[Bug tree-optimization/101555] Compile slowdown in tree PRE

2022-07-22 Thread rguenth at gcc dot gnu.org via Gcc-bugs
https://gcc.gnu.org/bugzilla/show_bug.cgi?id=101555

Richard Biener  changed:

   What|Removed |Added

 Status|ASSIGNED|RESOLVED
 Resolution|--- |FIXED

--- Comment #8 from Richard Biener  ---
Fixed in GCC 12.

[Bug tree-optimization/101555] Compile slowdown in tree PRE

2021-09-07 Thread rguenth at gcc dot gnu.org via Gcc-bugs
https://gcc.gnu.org/bugzilla/show_bug.cgi?id=101555

--- Comment #7 from Richard Biener  ---
The committed change improves compile-time to less than 50s, in principle it
also applies to the GCC 11 and 10 branches where the related issue was fixed.
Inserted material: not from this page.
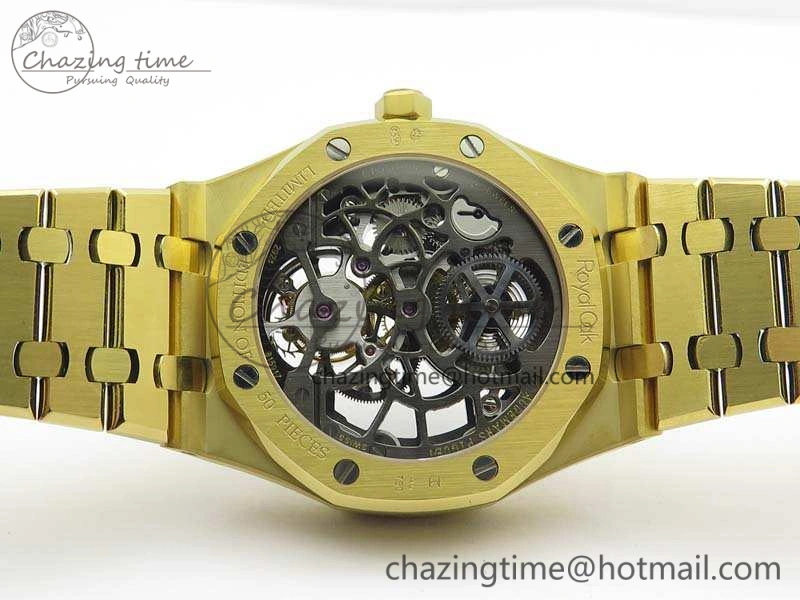 Royal Oak 41mm 26518 Tourbillon YG Best Edition Skeleton Dial On YG Bracelet A2924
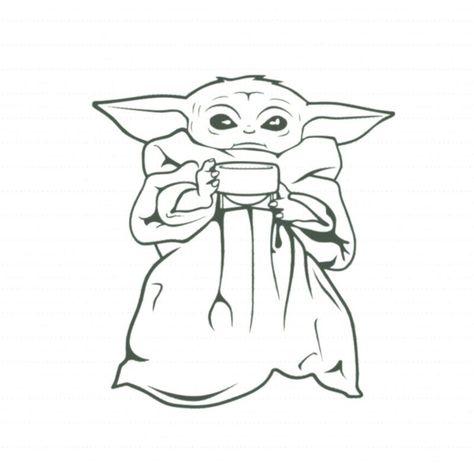 Grogu Tattoo, Drawing Star Wars, Yorkie Painting, Yoda Drawing, Child Png, Png Star, Yoda Sticker, Yoda Svg, Star Wars Cartoon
[Bug tree-optimization/101555] Compile slowdown in tree PRE

2021-09-07 Thread cvs-commit at gcc dot gnu.org via Gcc-bugs
https://gcc.gnu.org/bugzilla/show_bug.cgi?id=101555

--- Comment #6 from CVS Commits  ---
The master branch has been updated by Richard Biener :

https://gcc.gnu.org/g:f387ff788f63c1974479644edae728047f843ec4

commit r12-3378-gf387ff788f63c1974479644edae728047f843ec4
Author: Richard Biener 
Date:   Tue Sep 7 10:35:42 2021 +0200

tree-optimization/101555 - avoid redundant alias queries in PRE

This avoids doing redundant work during PHI translation to invalidate
mems when translating their corresponding VUSE through the blocks
virtual PHI node.  All the invalidation work is already done by
prune_clobbered_mems.

This speeds up the compile of the testcase from 275s with PRE
taking 91% of the compile-time down to 43s with PRE taking 16%
of the compile-time.

2021-09-07  Richard Biener  

PR tree-optimization/101555
* tree-ssa-pre.c (translate_vuse_through_block): Do not
perform an alias walk to determine the validity of the
mem at the start of the block which is already guaranteed
by means of prune_clobbered_mems.
(phi_translate_1): Pass edge to translate_vuse_through_block.

[Bug tree-optimization/101555] Compile slowdown in tree PRE

2021-09-07 Thread rguenth at gcc dot gnu.org via Gcc-bugs
https://gcc.gnu.org/bugzilla/show_bug.cgi?id=101555

--- Comment #5 from Richard Biener  ---
OK, so most of the time is spent in ANTIC compute, specifically PHI translation
and there translate_vuse_through_block doing the (rate limited)
stmt_may_clobber_ref_p_1 query.

It's a bit fishy that we're doing these things "twice", in particular
we are supposed to translate ANTIC_IN to the predecessor ANTIC_OUT, thus
all VUSEs should be already top-of-block.  But then in compute_antic_aux
we're doing

  /* Prune expressions that are clobbered in block and thus become
 invalid if translated from ANTIC_OUT to ANTIC_IN.  */
  prune_clobbered_mems (ANTIC_OUT, block);

which is supposed to do the "translation" through the block but that does
not adjust VUSEs of expressions.  That uses value_dies_in_block_x, something
with a cache but also following a somewhat different logic with respect
to the VUSEs in the expression.

The main complication here is that the expression set we start from is
taken from the VN tables which may put "pre-translated" VUSEs in rather
than starting with the VUSEs as they were.

[Bug tree-optimization/101555] Compile slowdown in tree PRE

2021-09-06 Thread rguenth at gcc dot gnu.org via Gcc-bugs
https://gcc.gnu.org/bugzilla/show_bug.cgi?id=101555

Richard Biener  changed:

   What|Removed |Added

Summary|[12 Regression] Compile |Compile slowdown in tree
   |slowdown in tree PRE|PRE
   Target Milestone|12.0|---
   Keywords|needs-bisection |

--- Comment #4 from Richard Biener  ---
Meanwhile GCC 12 seems to be as fast as GCC 11 (again).

Still PRE is slow, in this case the profile seems to be mostly alias walk
related.